Ester C. Yes indeed, Ester C, my friends, that was THE answer! Apparently it even helps if your dog DOES have hip dysplasia. It doesn't cure the dysplasia, but it somehow relieves their pain so they can walk again! I googled it up and down to be sure it was safe and I was providing my faithful friend the right dosage.

My Findings:

1) Apparently you must use ONLY Ester C, not regular vitamin C (it can cause stomach upset). Give the Ester C with their meal, not on an empty stomach.

2) You should load them up in increments, building them up to the proper dose, don't give the maximum dose from the start. After you've built them up to the maximum dose they can tolerate without stomach upset and suitable for their size/weight, you soon see the results. Then you can lower them to a maintenance dose: For my golden retriever, I began with 500mg per day divided into his two meals morning and evening (250mg morning 250mg evening) for several days. I then slowly increased him to 1000 per day, (500mg AM and 500mg PM). I then upped him to 2000mg (1,000mg AM 1,000mg PM).

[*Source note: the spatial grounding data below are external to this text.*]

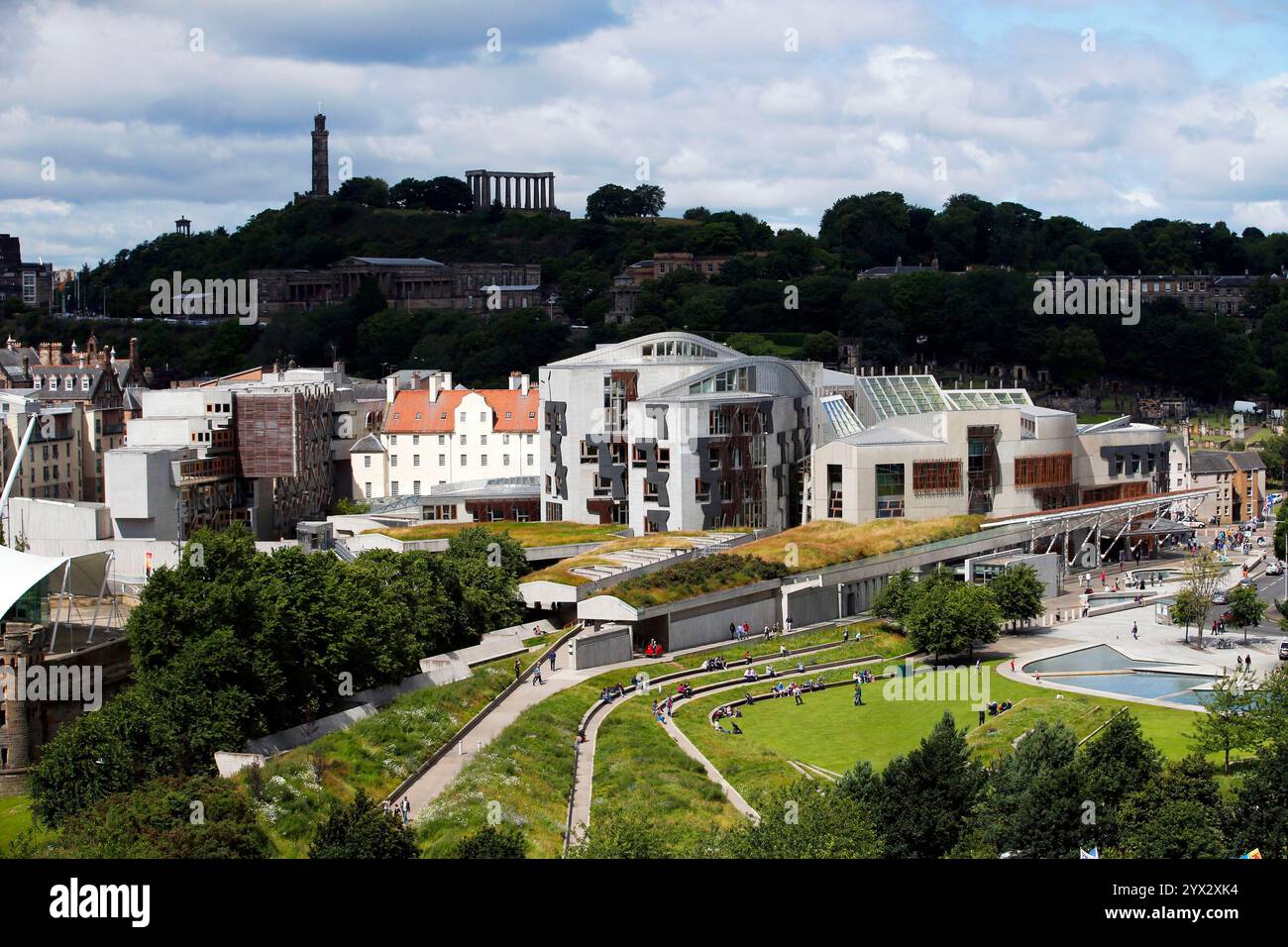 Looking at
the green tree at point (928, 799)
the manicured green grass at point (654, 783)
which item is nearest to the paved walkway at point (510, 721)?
the manicured green grass at point (654, 783)

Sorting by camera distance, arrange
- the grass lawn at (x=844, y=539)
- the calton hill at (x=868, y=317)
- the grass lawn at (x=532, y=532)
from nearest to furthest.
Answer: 1. the grass lawn at (x=844, y=539)
2. the grass lawn at (x=532, y=532)
3. the calton hill at (x=868, y=317)

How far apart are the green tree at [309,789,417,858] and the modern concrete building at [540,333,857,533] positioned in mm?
43139

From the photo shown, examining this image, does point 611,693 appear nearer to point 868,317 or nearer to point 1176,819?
point 1176,819

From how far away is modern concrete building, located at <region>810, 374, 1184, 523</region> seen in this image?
74688 mm

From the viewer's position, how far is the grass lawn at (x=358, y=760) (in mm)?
36950

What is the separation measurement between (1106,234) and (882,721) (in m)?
149

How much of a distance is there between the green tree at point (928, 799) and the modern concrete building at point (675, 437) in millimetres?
38095

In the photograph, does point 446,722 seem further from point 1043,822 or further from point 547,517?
point 547,517

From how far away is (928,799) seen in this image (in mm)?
34500

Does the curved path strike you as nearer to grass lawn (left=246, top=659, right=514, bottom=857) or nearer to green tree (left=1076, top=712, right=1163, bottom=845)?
grass lawn (left=246, top=659, right=514, bottom=857)

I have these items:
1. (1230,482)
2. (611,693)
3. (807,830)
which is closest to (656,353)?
(611,693)

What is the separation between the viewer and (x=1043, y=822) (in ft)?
107

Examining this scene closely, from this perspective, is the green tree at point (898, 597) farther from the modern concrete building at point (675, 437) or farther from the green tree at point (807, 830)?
the green tree at point (807, 830)

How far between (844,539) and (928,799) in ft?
113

I saw results in a couple of weeks. I lowered his dose to 1000mg and I have maintained him on 1 capsule of time-release Ester C per day in his breakfast meal for 2 years.

My boyfriend saw the difference, my sister saw the difference and I see the difference. He gets up off the floor NO PROBLEM. Now, mind you, he is 11.5 years old. He is better now than he was at age 8!

He can walk 2.5 miles again like we used to do! I never thought he'd be able to ever do that again!

And guess how much this wonderful treatment costs me? Less than $10. a month! I buy a bottle of 1000mg time-release Ester C, 60 capsules, for about $10. Can you believe it? I can buy the 90 capsules for about $15. That's a 3 month supply, folks.

I guess we're not supposed to name companies here, but it comes in an orange box and an orange bottle. I buy it at Walmart and also at my supermarket Shoprite. I'm sure any decent Ester C will do.

It is for humans, not special for dogs.

I love it and am so thankful for what it has done for my dog!

I hope this post is useful to other dogs out there. I did a lot of research before I used Ester C on my dog. So of course I advise you to research what is right for your dog.

Good luck

Replied by Theresa Donate

Mpls., Mn

Thanks for this tip! I will be passing it on to a friend who has a dobie who is starting to feel his age - I am sure this will help!